The Wrestling Sisters
Reader's Digest India|January 2017

Women were not allowed to enter the dangal, until six girls from Haryana decided to break in. The story of how they pushed the boundaries of tradition.

Rudra Neil Sengupta
The Wrestling Sisters

THE DISTINCTION OF BEING INDIA’S FIRST WOMAN wrestler to qualify for the Olympics belongs to Geeta Phogat, who competed at the 2012 London Games ... Geeta belongs to what is perhaps wrestling’s most remarkable family. Her father, Mahavir Singh Phogat, came to Delhi from the village of Balali in Haryana to train under Chandgi Ram* when he was just 16 …

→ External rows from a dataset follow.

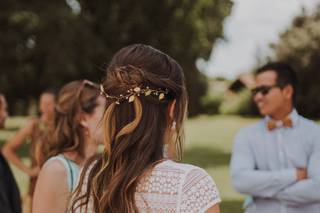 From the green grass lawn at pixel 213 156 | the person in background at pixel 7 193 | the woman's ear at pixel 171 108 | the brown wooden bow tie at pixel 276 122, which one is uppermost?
the woman's ear at pixel 171 108

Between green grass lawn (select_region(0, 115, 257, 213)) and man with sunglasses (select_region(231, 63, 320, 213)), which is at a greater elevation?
man with sunglasses (select_region(231, 63, 320, 213))

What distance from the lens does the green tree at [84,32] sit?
2262 cm

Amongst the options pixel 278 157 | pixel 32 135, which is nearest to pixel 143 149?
pixel 278 157

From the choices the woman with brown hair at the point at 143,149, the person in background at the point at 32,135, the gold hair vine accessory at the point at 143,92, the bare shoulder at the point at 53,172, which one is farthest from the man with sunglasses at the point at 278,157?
the person in background at the point at 32,135

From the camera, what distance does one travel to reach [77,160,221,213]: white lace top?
7.06 ft

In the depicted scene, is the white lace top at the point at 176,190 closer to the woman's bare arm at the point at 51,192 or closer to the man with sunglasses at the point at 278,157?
the woman's bare arm at the point at 51,192

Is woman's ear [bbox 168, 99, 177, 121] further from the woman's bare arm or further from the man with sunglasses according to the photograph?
the man with sunglasses

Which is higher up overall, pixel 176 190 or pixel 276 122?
pixel 276 122

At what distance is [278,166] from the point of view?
4516mm

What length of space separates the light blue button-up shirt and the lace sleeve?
88.7 inches

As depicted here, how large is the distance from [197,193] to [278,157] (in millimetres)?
2486

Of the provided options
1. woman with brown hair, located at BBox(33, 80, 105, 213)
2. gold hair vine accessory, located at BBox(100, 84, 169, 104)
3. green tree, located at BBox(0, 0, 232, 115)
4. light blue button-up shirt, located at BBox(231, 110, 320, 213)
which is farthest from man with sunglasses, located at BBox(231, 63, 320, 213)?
green tree, located at BBox(0, 0, 232, 115)

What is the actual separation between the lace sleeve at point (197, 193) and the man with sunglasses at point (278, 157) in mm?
2251

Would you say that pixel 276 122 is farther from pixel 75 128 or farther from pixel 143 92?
pixel 143 92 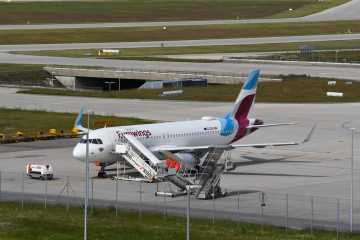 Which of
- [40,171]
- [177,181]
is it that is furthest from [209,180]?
[40,171]

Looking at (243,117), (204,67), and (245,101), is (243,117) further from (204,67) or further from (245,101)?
(204,67)

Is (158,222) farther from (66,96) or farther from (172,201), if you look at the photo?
(66,96)

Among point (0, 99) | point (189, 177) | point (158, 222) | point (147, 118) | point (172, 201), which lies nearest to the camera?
point (158, 222)

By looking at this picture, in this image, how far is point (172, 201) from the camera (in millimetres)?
81125

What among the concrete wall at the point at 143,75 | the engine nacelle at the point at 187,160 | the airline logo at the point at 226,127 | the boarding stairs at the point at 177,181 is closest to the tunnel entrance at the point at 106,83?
the concrete wall at the point at 143,75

Balali is deep country. It is still untouched by Haryana’s hurried pace of urbanization, and sits hidden in the middle of wheat fields and guava and citrus groves. In the afternoon, you can walk around Balali’s slim tracery of cobbled streets and meet not a single person.

Inside Mahavir’s house—an elongated rectangle of flat white—there is a stirring of post-siesta activity. There is a gathering of village elders, all in white kurtas, who have lit the communal hookah and broken out the cards. Mahavir himself is on his charpoy, eyes still resolutely closed. His wife Daya has swung into action. The family’s immense black buffaloes have been led out of the shed, their troughs filled with feed. Daya is laying out the buckets she will use for milking.

Mahavir opens his eyes abruptly, pulls out his phone and scolds someone at the other end: “Where’s your daughter? We start in five minutes. Tell her to run.”

He stands up and shuffles towards the house. It’s not a house. It’s a large wrestling hall: a double-sized mat on one side, top-of-the-line weight machines in another, thick ropes dangling from the high ceiling, and a series of small windows overlooking lush farmland.